Coding for two audiences: humans and computers
Software code is written to be read by both computers and humans. Machines understand the computational meaning quickly and perfectly, while humans read it the same way natural language does: not as quickly and sometimes incorrectly. With a new three-year contract worth $1.2 million NSF-funded projecta group of software engineers and social scientists at UC Davis, will leverage this bimodality to create tools that make code easier to write, read, and maintain, and improve the overall programming experience.
The project is led by a respected computer science professor Prem Devanbuhis colleagues Cindy Rubio Gonzalez and Aditya Thakur and its cross-campus staff Gerardo Con Diaz from the Institute for Science and Technology Studies and Emily Morgan from the Institute of Linguistics.
“When you write a program, it has two audiences,” Devanbu explained. “Code is meant for human use and for computer use, and the fact that humans choose to write code in a way that is easy for humans to read reflects this bimodality.”
Because code has a human audience, there are millions and millions of lines of code that are freely available on the internet for the team to use. With this wealth of data from different types of programs and programmers of all skill levels, they can train algorithms to enhance the human experience of programming.
writing for people
Making code easy for humans to read is a crucial part of programming. People write, edit, review, and maintain code, and the best way to spot potentially catastrophic errors is through code review, a proofreading-like process in which a second person reads the code and explains what it’s doing. The team plans to train an algorithm that can rewrite code to make it easier to read without changing its computational meaning.
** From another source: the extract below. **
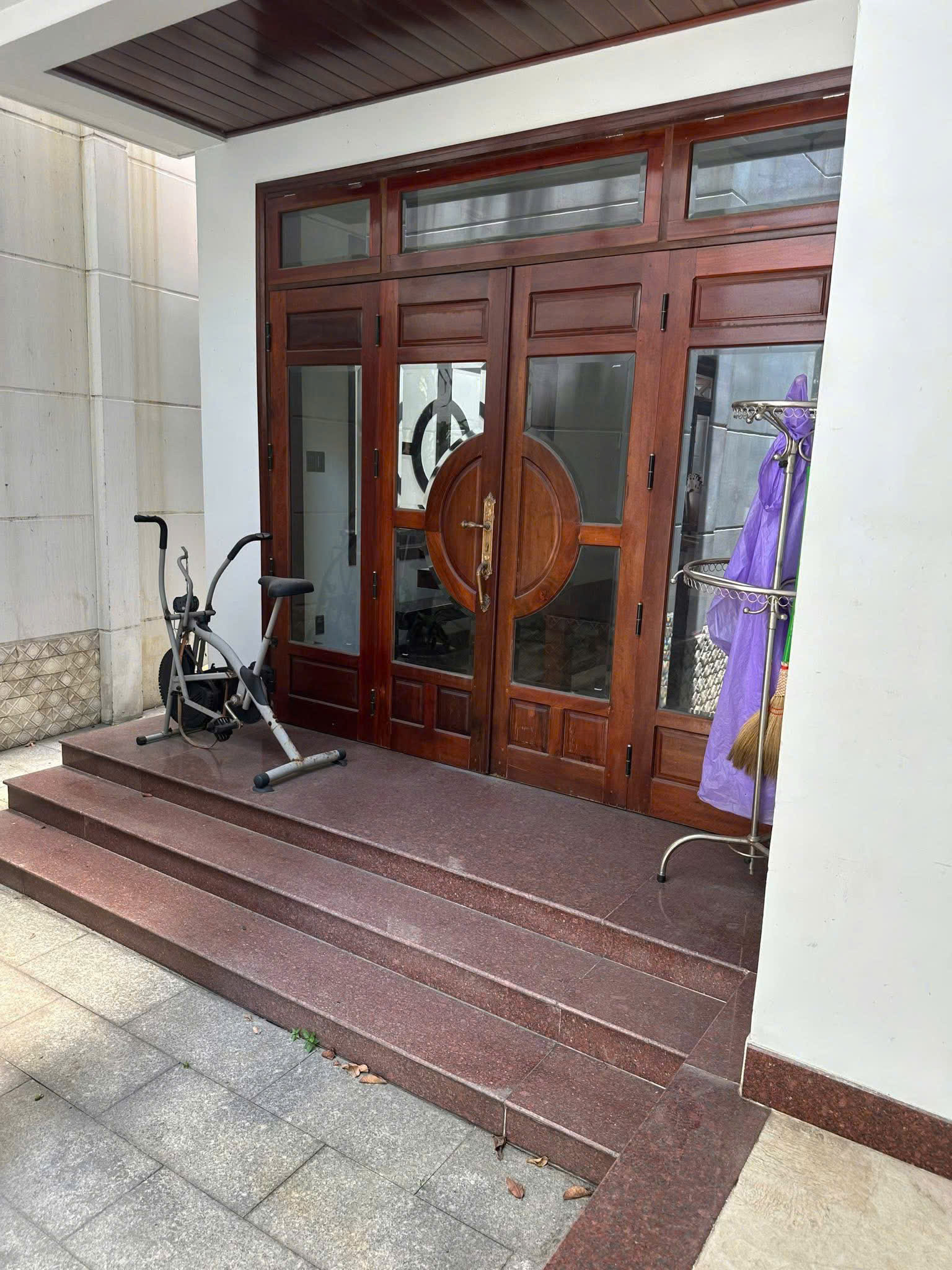 Cho thuê nhà đường Núi thành Hải Châu mặt tiền biệt thự nguyên căn 700m2 giá tốt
The initial studies, led by Morgan, showed that these small changes – the equivalent of changing from “pepper and salt” to “salt and pepper” – can make a big difference. Your goal is to train an algorithm that knows this and can read through code to give it a readability score. The higher the score, the harder it is to read. The program can then rewrite the code until the readability score drops as low as possible. Improving readability helps programmers and code reviewers analyze the software and easily find and fix potential bugs.
“Because these programs have well-defined meanings, we can change the code without affecting the meaning,” Devanbu said. “If I can change my program so that the meaning doesn’t change but it’s a lot easier to read, then code review becomes a lot easier.”
Learning through bimodality
The team also plans to use the data to improve programming for beginners. Beginners can be discouraged when their program keeps crashing, but often the problem is a minor error like a typo or missing parenthesis instead of larger systematic problems. According to Devanbu, if the team can train an algorithm that recognizes enough different programs, syntaxes, and operations, it can function like a spell checker that can detect spelling and grammatical errors in code. This would encourage beginners and focus on learning how to code instead of finding those bugs.
“The machine learning models are clever. So if you convert Celsius to Fahrenheit, for example, the model would have seen that formula many times to remember it,” he explained. “If you’re using variable names that look like they’re temperature variable names, then it knows that’s probably what you intended, and it could fix that.”
Bimodal thinking about code forces programmers to think about both the software they are writing and the human context in which it is being developed. Devanbu believes this is a crucial part of the computer science curriculum, so for the final part of the project he will be working with Díaz to develop a new curriculum that will teach students programming and ethics at the same time from the start of their college careers.
“Coding is a deeply human experience, even if we don’t always think of it that way,” he said. “When you learn to write in a natural language, you are taught to write in the context of a human experience, such as war or romance, and asked to think about how that affects the way you write. Code shouldn’t be taught any other way.”